If you want to try this out, you can get everything you need from my FlywayTeamwork-Pubs GitHub project. The migration files and test files you need are in the Develop branch of the Pubs database. You’ll need to migrate your copy of the Pubs database to at least V1.1.0, which is the version that introduces this view. You can then run this in the IDE, to try it out, assuming you’re in the correct working directory and you’ve executed the preliminary.ps1 file first.

I’ve engineered an error, by editing the PeopleAuthors.json result a bit, just to demonstrate what would happen. In a real database, we’d ask the user representative to provide a manual summary for us to check against. Here is the result. It has detected the errors.

We checked 96 records and only 95 of them were the same
extra test row {"city":"Colorado","authors":26} not in correct result
for row with the city 'Fort Wayne', the values for the authors column, 26 and 25 don't match
missing record {"city":"Coloralo","authors":26}

If we want to run this test automatically, as part of a flyway migration run, we must save it in the Tests directory with a specially formatted filename. The filename must start with letter T, followed by the earliest version for which the test is applicable, followed by the dash (‘-‘) character, followed by the latest version, followed by a double underscore and then a description what the test does (which we can use to label the results correctly).

The earliest and latest versions can both be blank. In this example, I’ve called the file T1.1.10-__Authors_Per_City.ps1, which means it’s valid for any version from 1.1.10 onwards. We would add an end-version number after the ‘-‘ character. If I’d called it T-__AuthorsPerCity.ps1, it would mean it was valid for any version.

Running the tests

All we need to do now is to make sure that this test, and every other valid test in the Tests directory (there is only one test right now), runs on every Flyway migration. It gets the version number of the newly migrated database, locates the Tests directory and runs all tests where the version range specified in its filename includes the version under test (1.1.10, in this example).

This code is intended to be run in the IDE or as a separate script.

Of course, Flyway provides the means of running a PowerShell script like this one (or a Bash or DOS script), automatically, as a callback script. It wouldn’t need the ‘hardwired’ specification of the working directory because Flyway would execute the callback in the right place anyway.

We would add this callback file (e.g., afterVersioned__RunTests.ps1) to the to the migrations directory, for the development branch. This would ensure that you execute a test run every time there is a version change, including when performing a merge, which is where you’re likely to want it the most.
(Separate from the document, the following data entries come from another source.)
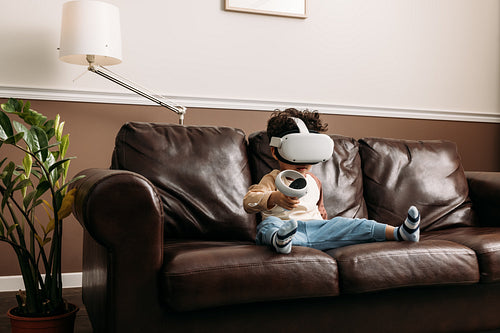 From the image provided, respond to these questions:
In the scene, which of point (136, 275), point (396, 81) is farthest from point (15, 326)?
point (396, 81)

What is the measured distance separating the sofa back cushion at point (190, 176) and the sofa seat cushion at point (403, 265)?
18.8 inches

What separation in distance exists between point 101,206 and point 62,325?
0.60 meters

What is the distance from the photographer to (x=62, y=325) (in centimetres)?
183

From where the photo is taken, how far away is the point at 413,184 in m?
2.41

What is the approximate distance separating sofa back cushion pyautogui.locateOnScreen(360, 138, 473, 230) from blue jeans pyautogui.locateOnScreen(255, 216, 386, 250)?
48cm

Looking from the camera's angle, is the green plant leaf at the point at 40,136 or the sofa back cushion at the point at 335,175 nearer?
the green plant leaf at the point at 40,136

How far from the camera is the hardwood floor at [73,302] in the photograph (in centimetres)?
212

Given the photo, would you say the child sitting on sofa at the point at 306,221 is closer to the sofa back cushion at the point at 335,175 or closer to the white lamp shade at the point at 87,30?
the sofa back cushion at the point at 335,175

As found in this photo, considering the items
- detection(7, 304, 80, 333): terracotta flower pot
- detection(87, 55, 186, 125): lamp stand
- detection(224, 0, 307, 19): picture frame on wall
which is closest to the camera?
detection(7, 304, 80, 333): terracotta flower pot

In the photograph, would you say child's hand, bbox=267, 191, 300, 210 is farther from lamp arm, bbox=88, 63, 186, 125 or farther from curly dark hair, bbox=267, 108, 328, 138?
lamp arm, bbox=88, 63, 186, 125

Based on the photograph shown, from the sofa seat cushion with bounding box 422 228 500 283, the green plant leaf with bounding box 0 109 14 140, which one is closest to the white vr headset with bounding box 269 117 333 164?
the sofa seat cushion with bounding box 422 228 500 283

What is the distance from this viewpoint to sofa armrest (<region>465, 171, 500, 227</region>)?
2.40 metres

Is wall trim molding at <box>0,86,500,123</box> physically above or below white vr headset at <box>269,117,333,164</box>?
above

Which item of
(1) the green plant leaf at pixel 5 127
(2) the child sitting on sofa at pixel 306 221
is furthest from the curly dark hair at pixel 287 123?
(1) the green plant leaf at pixel 5 127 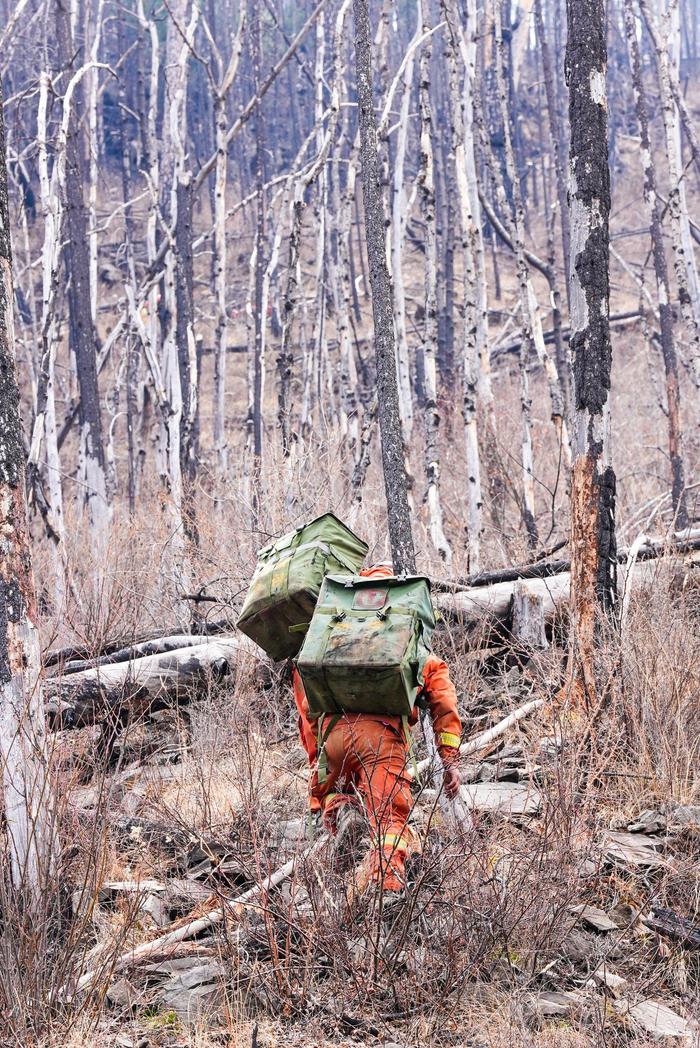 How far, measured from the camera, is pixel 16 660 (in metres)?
4.26

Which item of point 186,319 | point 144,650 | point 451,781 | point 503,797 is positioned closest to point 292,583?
point 451,781

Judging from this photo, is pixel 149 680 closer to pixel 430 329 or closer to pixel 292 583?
pixel 292 583

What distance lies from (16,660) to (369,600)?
151cm

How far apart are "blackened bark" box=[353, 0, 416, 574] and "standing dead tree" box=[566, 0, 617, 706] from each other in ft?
3.74

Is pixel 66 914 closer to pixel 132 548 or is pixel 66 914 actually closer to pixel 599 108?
pixel 599 108

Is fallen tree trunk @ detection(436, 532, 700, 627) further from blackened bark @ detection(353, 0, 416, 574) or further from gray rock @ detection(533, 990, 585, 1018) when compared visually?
gray rock @ detection(533, 990, 585, 1018)

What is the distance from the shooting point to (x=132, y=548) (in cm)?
1134

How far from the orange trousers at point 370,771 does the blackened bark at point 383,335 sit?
2.20 meters

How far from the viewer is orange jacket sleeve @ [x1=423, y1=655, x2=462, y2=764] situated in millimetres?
4348

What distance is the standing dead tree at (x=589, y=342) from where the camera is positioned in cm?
604

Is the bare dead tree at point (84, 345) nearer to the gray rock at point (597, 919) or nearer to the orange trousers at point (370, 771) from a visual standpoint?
the orange trousers at point (370, 771)

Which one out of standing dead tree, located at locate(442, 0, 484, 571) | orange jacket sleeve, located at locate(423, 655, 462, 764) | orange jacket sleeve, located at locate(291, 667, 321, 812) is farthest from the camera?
standing dead tree, located at locate(442, 0, 484, 571)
I’ve not used it as a callback in this article because, I’ll be introducing a better design in another article, where the above code forms the basis of a cmdlet that I’ve added to the Flyway Teamwork framework, and the callback script is, as a result, much shorter and simpler. The new design will also allow you, if you need to, to execute code in several test directories in parent branches so that you can execute all the tests associated with the development database.

Summary

It is quite common to find developers who seem surprised that it is part of their role to test the database. Sure, in my experience they will usually perform some informal tests, but it is a pleasant surprise to come across a good database test strategy. I spent a lot of my professional career working alongside specialist testers, who were often exceptional developers who happened to get their kicks from breaking things. As a developer, I was always determined to avoid the possibility of hearing whoops of joy from the “Test Cell”, because managers are often skeptical of my reasonable argument that the greater a developer’s productivity, the greater the chance of them introducing a bug.

In truth, a test team merely double-checks, on the behalf of higher management, that the release candidate is bug free and meets the specifications set by the users or clients. They try to find aspects of the database without test coverage via exploratory testing. They don’t do, and shouldn’t do, development testing or debugging. That’s a development task.